Efficient ways for DataSet and DataLoader

I created a custom dataset in 2 ways.

  1. created a single csv file of all my training/testing data and then loaded this file in init, and getitem is very simple indexing.
  2. created multiple small csv files for all my training/testing data. created a very simple init function, where I load some root folder name, no. of files in the folder and so on, and created a complicated getitem function, where based on the index of the training example requested, i calcualte the file which has the required training example, and then load the required data.

First way worked like a charm when data is very small. As data exploded, creating a single big file with all training examples was in itself a very time consuming one, and also memory requirements of the program also grew exponentially, causing data creation script to hang. But, once i created this big file, loading into program took time, but get item is very simple.

Second way, i need not create a merged file with all training examples. So, no big files. No big memory requirements in data creation and data loading.
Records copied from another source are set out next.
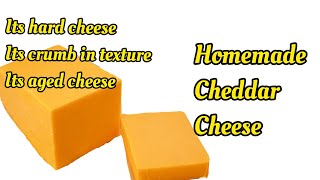 How to make Homemade Cheddar Cheese Recipe  Easy amp Cheap Cheese at Home with 3 Ingredient [upl. by Spector183]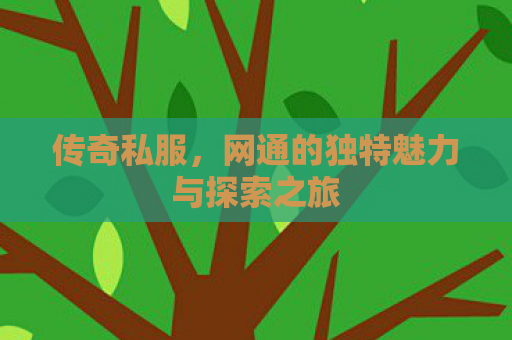 传奇私服，网通的独特魅力与探索之旅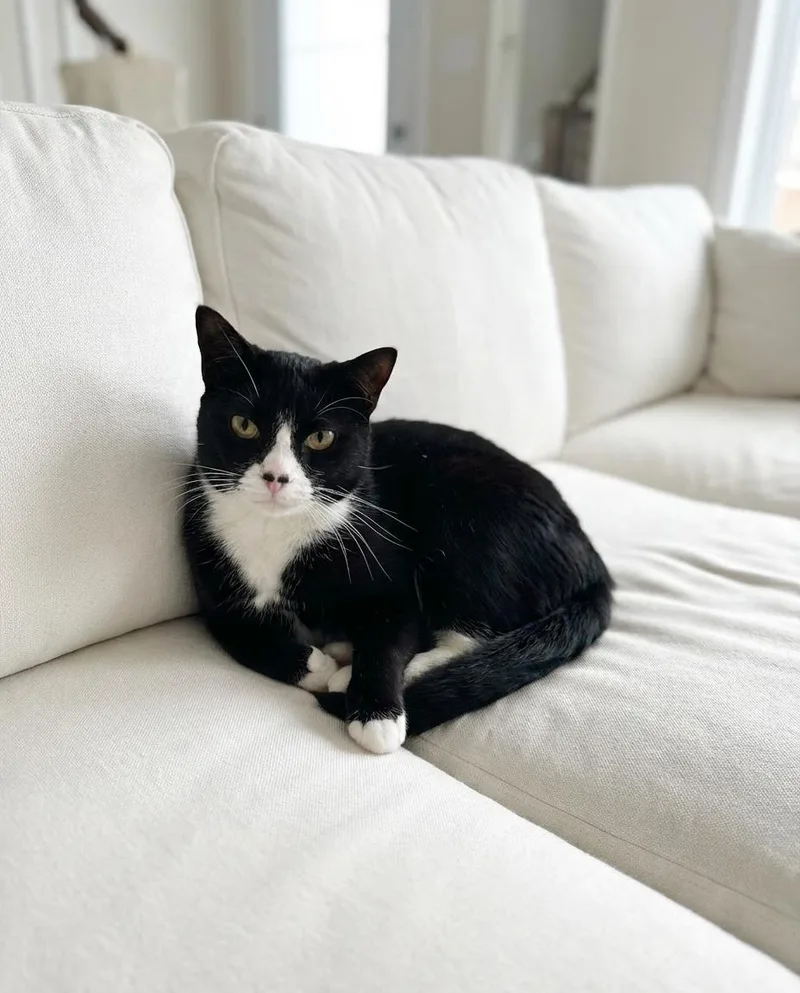 A young medium-sized male Tuxedo cat named Marty for adoption in Walnut Creek, CA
I thought, this is efficient way. But, second one increasing training times.

What is the best way to handle this issue?

You can use bigger num_workers in dataloader to set how many subprocesses to use for data loading.
pin_memory=True can also help if you’re using gpu.
warning: it’s not working perfectly on windows machine. and you should read dataloader doc for more info about Platform-specific behaviors.

1 Like

already using num_workers. Haven’t tried pin_memory. Will try that.